ALSA lib control.c:874:(snd_ctl_open_conf) Cannot open shared library /usr/lib/alsa-lib/libasound_module_ctl_pulse.so

alsamixer: function snd_ctl_open failed for default: No such file or directory

What do I do next?!?! Pls assist, I'm compleeeetly Lost.

Best,

----------

## far0k

 *epsilon72 wrote:*   

> When are we going to get snd_oxygen (also for 8788) in-kernel support?  I've been using the 1.0.16 driver for a while now.

 

It was in for a short period of time at the start of 2.6.25 but in the latest gentoo-sources seems to have gone.  Maybe check vanilla-sources... I think we will see it back soon with quite a few changes in 1.0.17 of ALSA and whatever version of linux merges with that.

 *flacvest wrote:*   

> HI, 
> 
> I'm confused by a few things from following this guide: http://www.alsa-project.org/main/index.php/Matrix:Module-oxygen
> 
> When I do the "insert modules" commands, The terminal keeps... going. It doesn't return a prompt. Is that signs of a problem???
> ...

 

This looks like a PulseAudio issue rather then an oxygen issue.  Does your onboard should cards work?  I would try dumping your PulseAudio USE flags and see if it is still bust.  The easiest way to get the driver working in gentoo at the moment is using the 1.0.16 ebuild that is in portage rather then following the generic ALSA guide.

----------

## flacvest

Well, I unmerged PulseAudio completely, and have followed the generic guide on the ALSA site to get the testing drivers installed. I manage to get the modules for snd-oxygen and snd-hda-intel recognized, but get hung up at how to configure and where the configuration file IS in GENTOO (Not Debian as listed in the guide as being /etc/whatever.conf... ANY Ideas?)

Where I get lost is how I should configure the sound cards so that snd-hda-intel gets picked up as auxilliary, and snd-oxygen as primary. Once I get that going, I plan on following the guide for the Digital Audio Workstation portage overlay and implementing PulseAudio with the mbeq LADSPA plugin as a global equalizer with the alsa driver but first I need to get the X-Meridian recognized and working in ALSA for all other applications that barf all over pulse and need pure ALSA.

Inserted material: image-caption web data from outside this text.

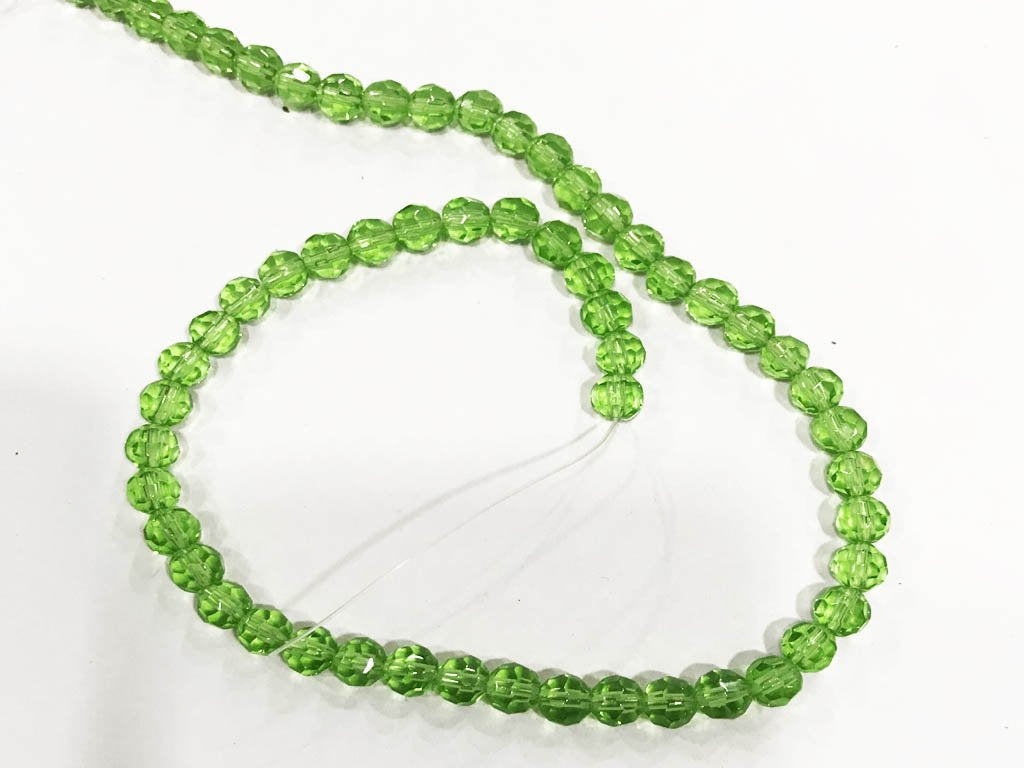 peridot-green-football-pressed-glass-beads-6-mm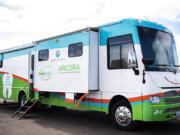 The SmileMobile, a mobile dental van that offers dental services to people who have trouble accessing dental care, is parked at the Cowlitz Indian Tribal Health Clinic in Longview.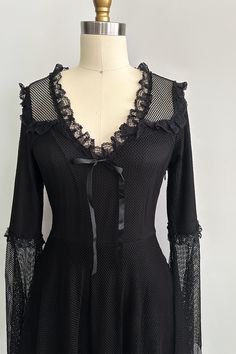 This wickedly wonderful gothic lolita dress is ideal for flaunting all your spooky season coven vibes! Featuring a fishnet long sleeve silhouette with pretty lace trim, a v-neckline, flared sleeves, and an underlining. Scrumptious and spooky? Yes, please! • Sheer outer layer• The fabric has good stretch• Mini length (hits approximately low/mid thigh)• The body is fully lined• Handkerchief hemline on outer layer, with frill trim• Invisible zipper on left side when worn• U-neckline with frill trim Gothic Outfit Ideas, Dark Cottagecore Fashion, Goth Closet, Glamour Goth, Fishnet Long Sleeve, Goth Things, Goth Princess, Moodboard Inspiration, Witch Vibes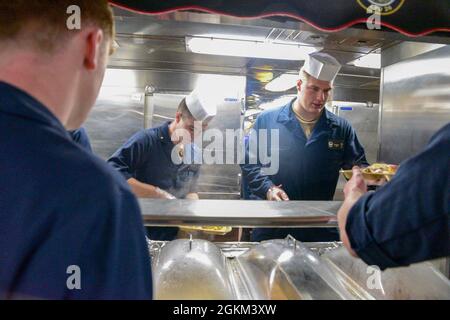 210521-N-MT581-1070     PACIFIC OCEAN (May. 21, 2021) Midshipmen from the U.S. Naval Academy serve lunch for the amphibious transport dock ship USS John P. Murtha (LPD 26) crew, May 21. John P. Murtha is underway conducting routine operations in U.S. Third Fleet. Stock Photo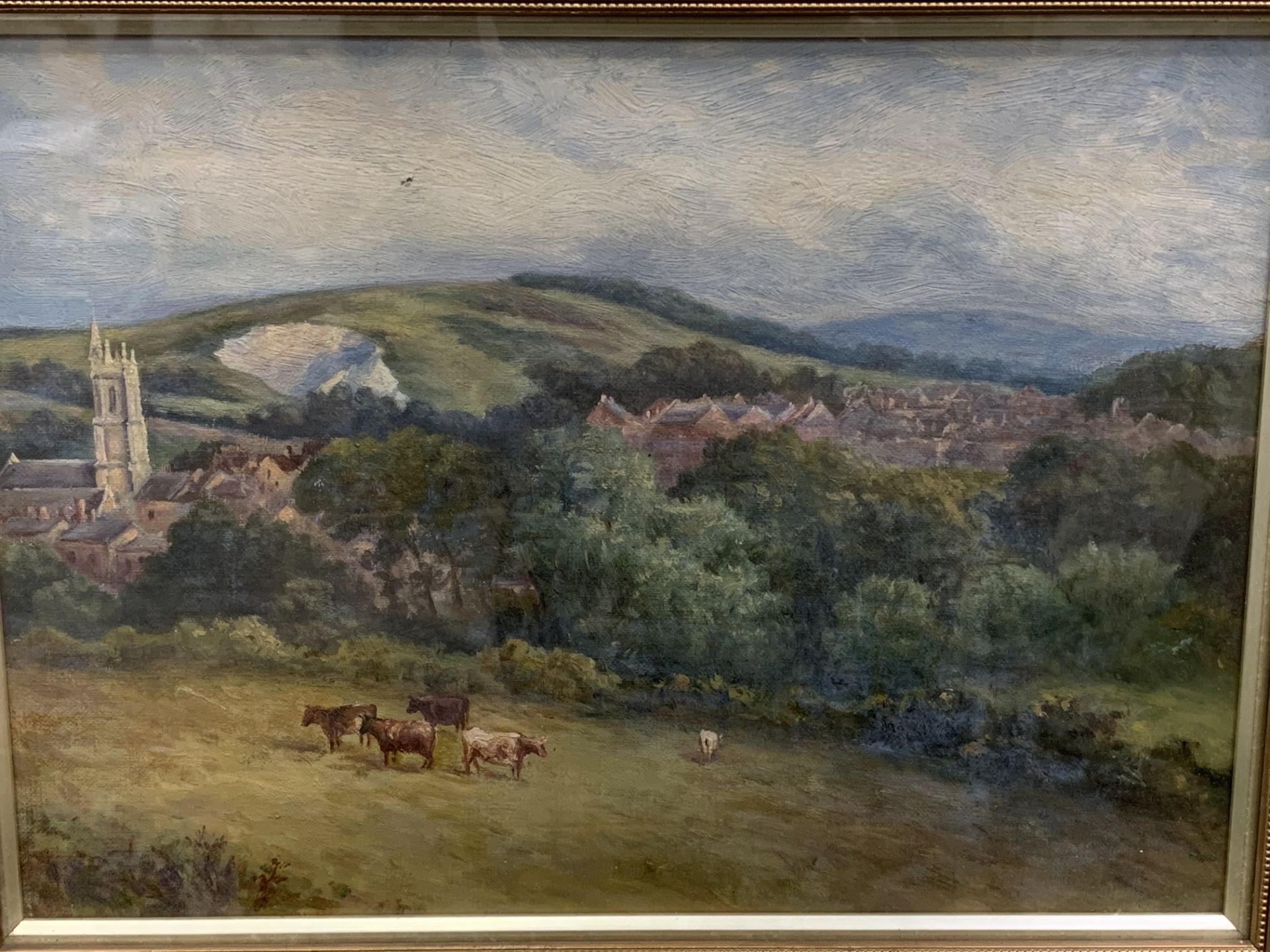 Framed and glazed oil on canvas of cows and a church in the distance.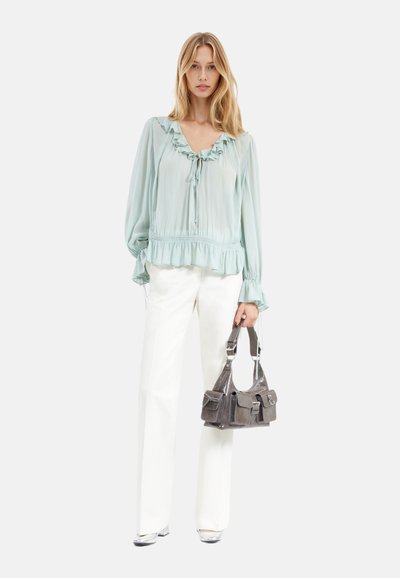 Blusa azzurra chiara con volant, scollatura a V e coulisse, abbinata a pantaloni bianchi a gamba larga e una borsa grigia strutturata con tasche.
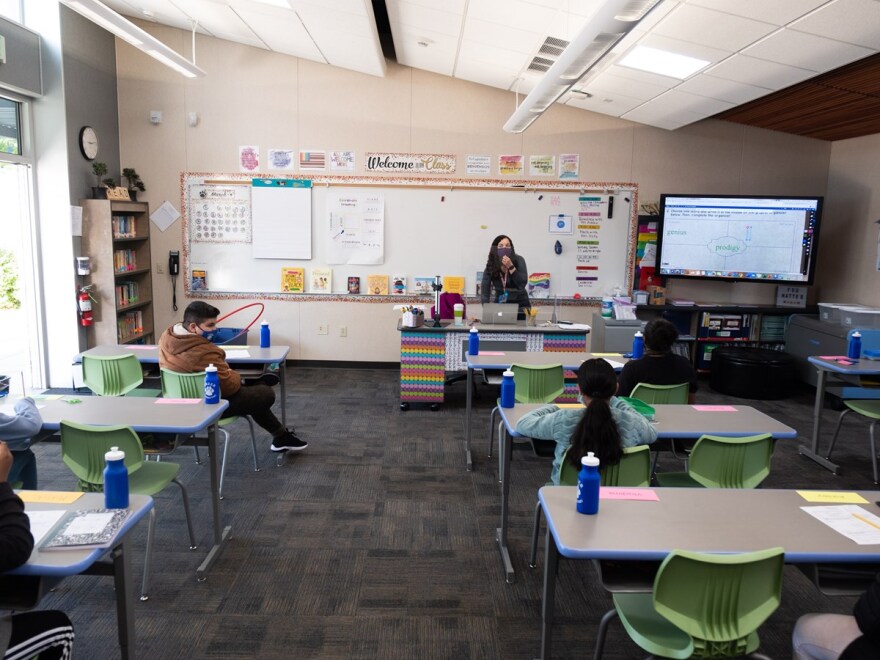 A quiet public school classroom with empty desks facing a whiteboard, a U.S. flag in the corner, and a plain bulletin board on the wall, realistic news photography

See these guides for interesting Audio goodness:

http://ubuntuforums.org/showthread.php?p=4938447 (I am a Xubuntu Refugee and this is how I got it working on Xubuntu. Honestly the clearest most seperated sound I have ever heard in my life. I cried. Highly reccomended by Yours Truly.)

Also:

http://proaudio.tuxfamily.org/wiki/index.php?title=DAW_Digital_Audio_Workstation

http://forums.techgage.com/showthread.php?t=2927

These are where I got my information. I am NEW to Gentoo and have been with *buntus for a Year and a Halfish... Gentoo is SO MUCH BETTER (but different!) than the Debianish systems.

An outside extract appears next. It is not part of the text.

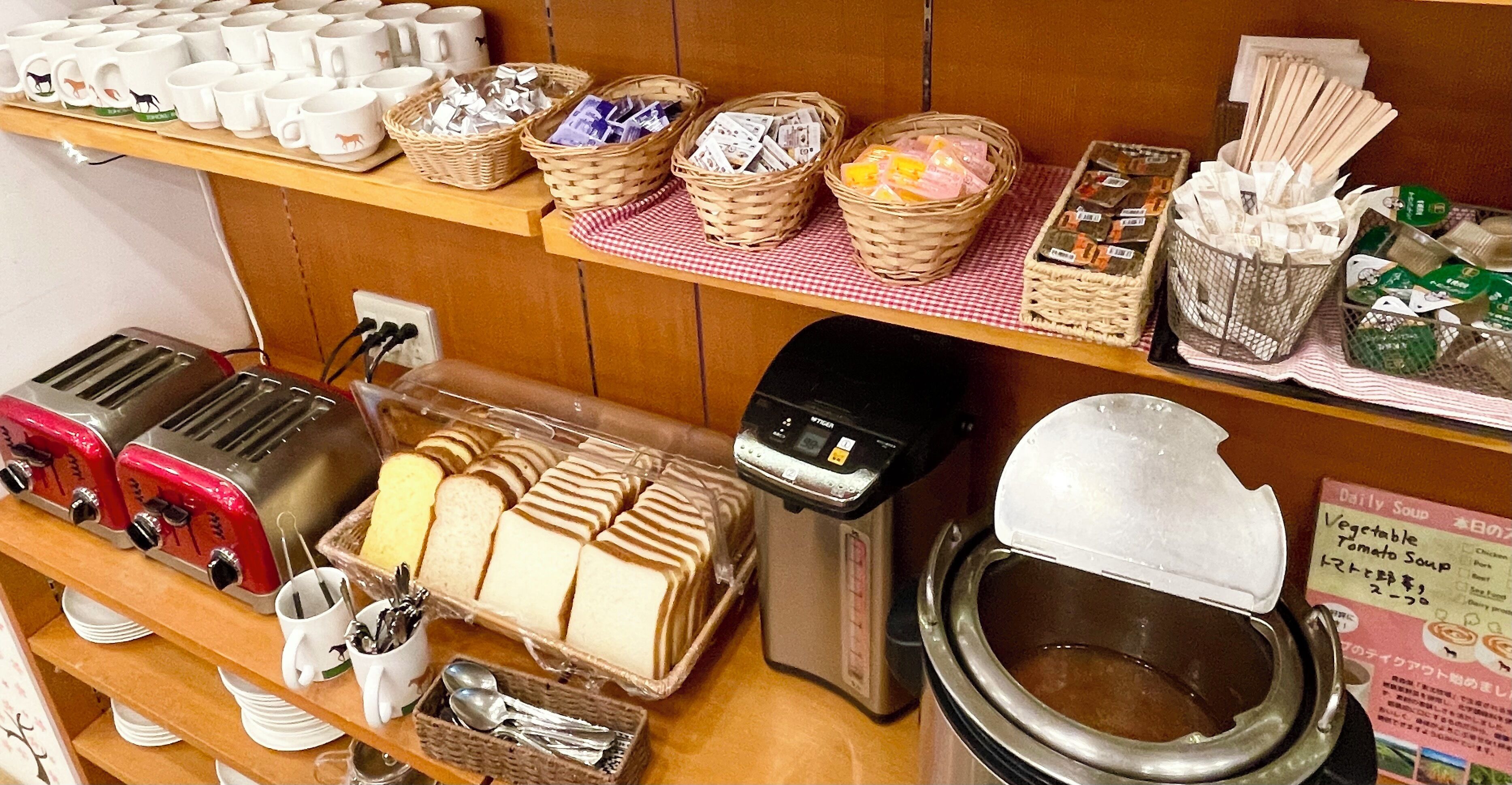 A breakfast setup with various food items and utensils, including bread, tea, and a coffee machine.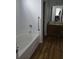Bathroom featuring a soaking tub, vanity with sink and white walls at 1346 Ellison Run, Charleston, SC 29412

UGH I need help. So Ok, I did dump the pulseaudio from the /etc/make.conf USE flags for the time being.

Could you guys (or gals, no sexism here) lend a hand as to how to proceed? 

The reason I want to use the the testing ALSA drivers is that the snd-oxygen module is nearly 100% complete according to Clemens Ladisch the author of the driver, and I want my X-Meridian as functional as possible.

Yours Ever So Gratefully,

----------

## Lubomir

 *far0k wrote:*   

>  *epsilon72 wrote:*   When are we going to get snd_oxygen (also for 8788) in-kernel support?  I've been using the 1.0.16 driver for a while now. 
> 
> It was in for a short period of time at the start of 2.6.25 but in the latest gentoo-sources seems to have gone.  Maybe check vanilla-sources... I think we will see it back soon with quite a few changes in 1.0.17 of ALSA and whatever version of linux merges with that.
> 
> 

 

In what version was that inside? I will take that then. In the 2.6.25-gentoo-r5 i get that mistakes with snd_ctl_open - no such file or directory.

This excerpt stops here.